As a salesperson, you might not think you need to give buyers permission to buy. They are free to do what they want: buy or not buy, buy from you or buy from your competitor. Where does the concept of permission come in?

It’s not actually permission from you. It’s you as the salesperson helping the buyer to give themselves permission to make the purchase.

Buyers are often more sophisticated than sellers give them credit for. They are also more risk adverse and they will second guess their decisions. Simply stated, buyers are not going to buy until they are comfortable that they have all the information they need to make a good decision.
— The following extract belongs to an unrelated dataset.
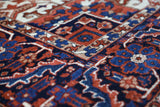 Antique Persian area rug in a living room setting, pile rug, vintage rug, portland, rug shop, bright colors, wild shaman, soft rug, bold color, Portland, Oregon, rug store, rug shop, local shop, antique rug, Persian rug, handmade rug, wool rug, distressed rug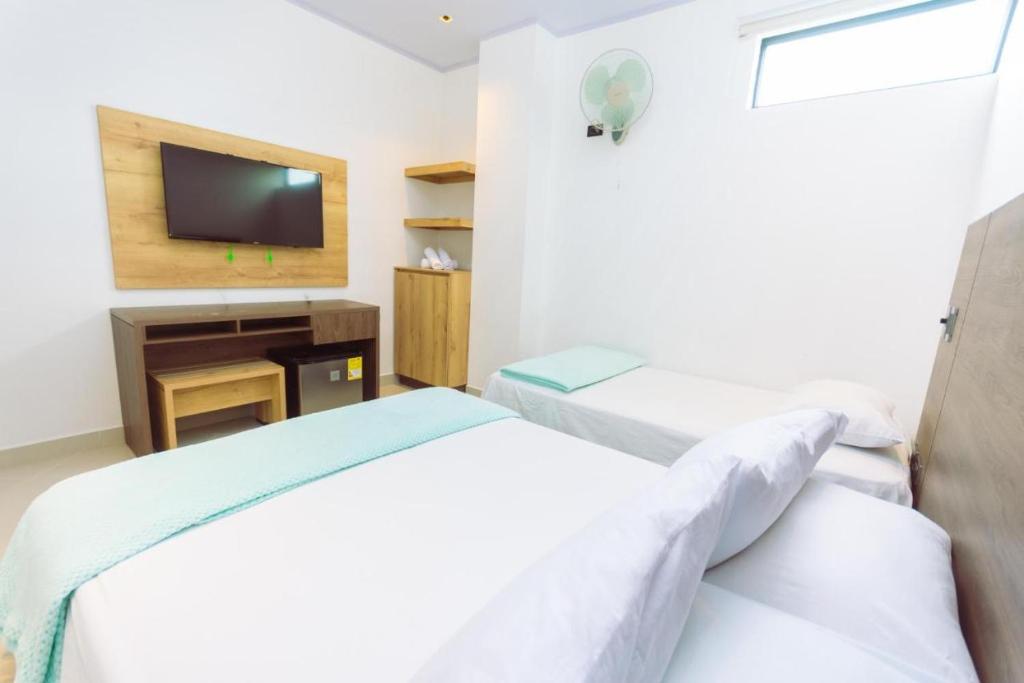 Postel nebo postele na pokoji v ubytování Hotel Luna Verde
You as the salesperson can help them get to that point. Here are five ways you can help the buyer give themselves permission to buy from you by ensuring they believe they have all the information they need:

  1. Understand their needs. As you get to know the buyer, ask targeted questions that will help you really understand their needs and the problem they are trying to solve. Use active listening skills and repeat back to the buyer what you think they are saying so they know they are heard.
  1. Build trust. Buyers won’t buy from a salesperson they don’t trust. If a buyer senses the seller is genuinely interested in helping them address a need, he or she is much more receptive to sharing information when asked questions, as well as more likely to trust the salesperson. When a seller appears to be pressuring the buyer to make a decision, the buyer becomes wary of the seller’s intentions and may defer the decision or say no.
  1. Help buyer discover the solution themselves. By building trust and asking the right questions, you will be able to paint an accurate picture of how the buyer will use your product to solve their problem. They need to get to the “aha” moment when they can actually picture who will use the product and how.
  1. Establish value to overcome barriers. Buyers will have barriers based on value. They will do research online on their own to overcome enough of these barriers to be willing to engage in a conversation with a seller—and this conversation is critical. According to an article at com, “Forrester research indicates that the conversation with sales reps is still a strong source of buyer influence.” Once in the conversation, the seller must understand what the buyer perceives as value of the product and build more value on that basis to overcome additional barriers.
  1. The cost of NOT doing business today. There was a time when sellers were encouraged to close early and often. In today’s tight market place, this approach no longer works. Buyers are increasingly risk adverse and decision making has expanded to include a larger group of people. When a salesperson can help the buyer calculate how much waiting will cost them in a week’s time, a month’s time or a year’s time, that dollar value will help underscore the need to close quickly.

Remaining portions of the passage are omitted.